■ **Entries supplied**:

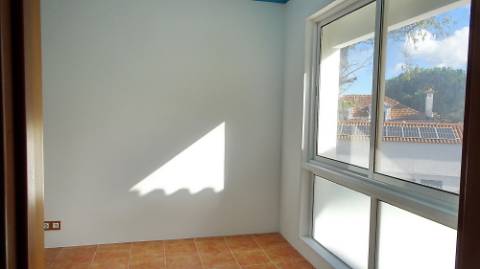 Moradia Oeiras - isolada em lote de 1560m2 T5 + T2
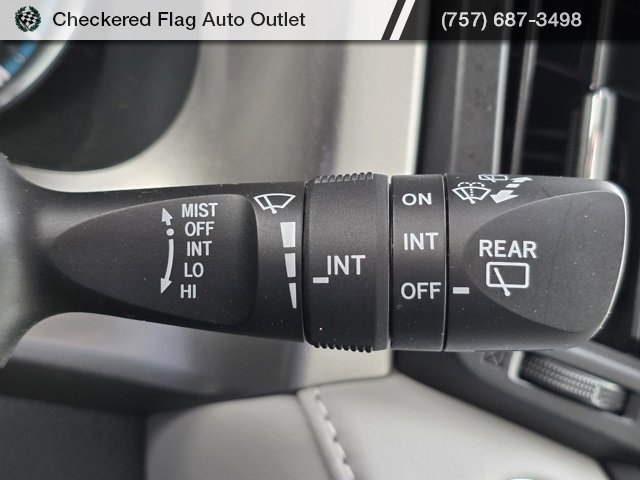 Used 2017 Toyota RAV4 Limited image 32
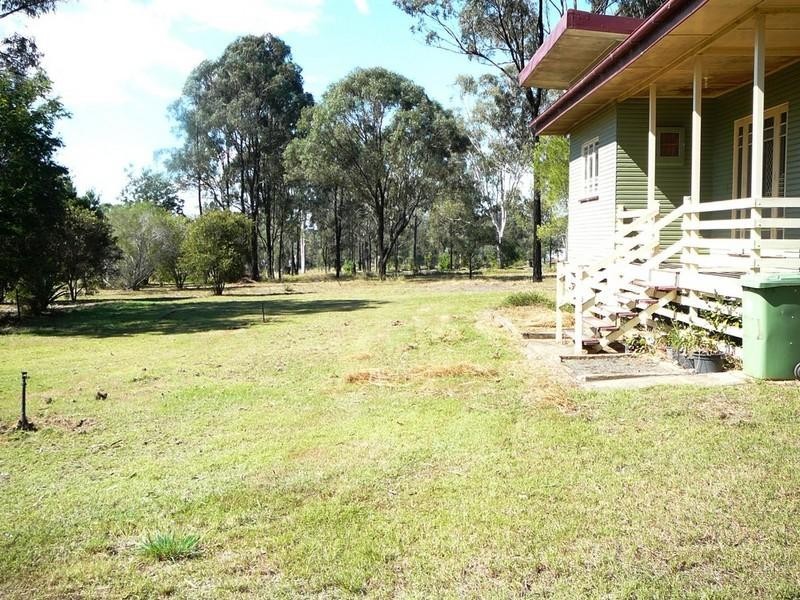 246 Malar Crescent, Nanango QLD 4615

...

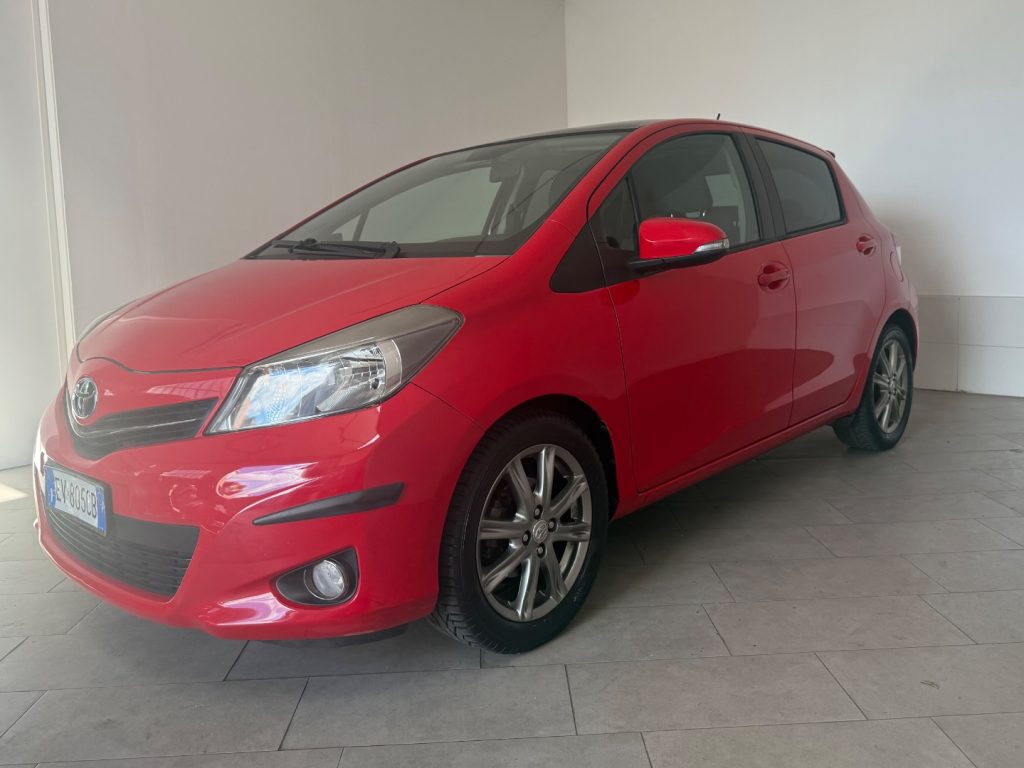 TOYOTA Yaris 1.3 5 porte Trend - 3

■ **Task requirements**: Your answer is the exact run of lines above from the one with "Moradia Oeiras - isolada" through the one with "246 Malar Crescent, Nanango QLD 4615", both ends included, minus any picture.

■ **Exercise output**:
 Moradia Oeiras - isolada em lote de 1560m2 T5 + T2
 Used 2017 Toyota RAV4 Limited image 32
 246 Malar Crescent, Nanango QLD 4615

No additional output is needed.